Se eu colocar o contexto inicial, pode ser que angarie alguns simpatizantes. O sonho de todo amante do tênis é assistir as finais do ATP – tour, que é semelhante à Copa do Mundo do futebol, entre os oito melhores deste esporte, que eu adoro. A sede do evento foi Xangai durante anos, muito longe do Brasil, mas bota longe nisso. Agora mudou para Londres. E para lá me mandei a despeito do anunciado frio de rachar.
Quando cheguei os jornais Londrinos exibiam em letras garrafais SNOWVEMBER; gostei do trocadilho e ele era pertinente, pois não nevava, em novembro, em Londres, há 30 anos.
Saí à rua, o termômetro marcava -4º C,  voltei correndo e vesti o casaco de vison, emprestado pela minha irmã, que eu levei, mas nunca pensei que chegaria a usá-lo.

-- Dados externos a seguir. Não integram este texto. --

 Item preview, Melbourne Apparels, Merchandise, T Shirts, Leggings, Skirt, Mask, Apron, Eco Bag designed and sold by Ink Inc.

Tenho que confessar, me senti uma atriz dentro dele (lembram da Miranda no filme “O Diabo veste Prada”), mas depois fiquei tão quente e protegida que o meu lado ecológico foi para as cucuias.
Peço publicamente perdão à Marina (a nossa ex-quase-futura presidenta) pelo meu primeiro pecado capital, a VAIDADE!
Os pecados não pararam por aí. Veio o segundo, a MENTIRA, e o confessarei com detalhes.
Uma mulher no metrô, maravilhada com o casaco, alisou a pelagem e me perguntou:
– “It?s real?”.
 E eu rapidamente e tentando não gaguejar disse:
–  Nãããão!!! É sintético! Eu comprei nos Estados Unidos.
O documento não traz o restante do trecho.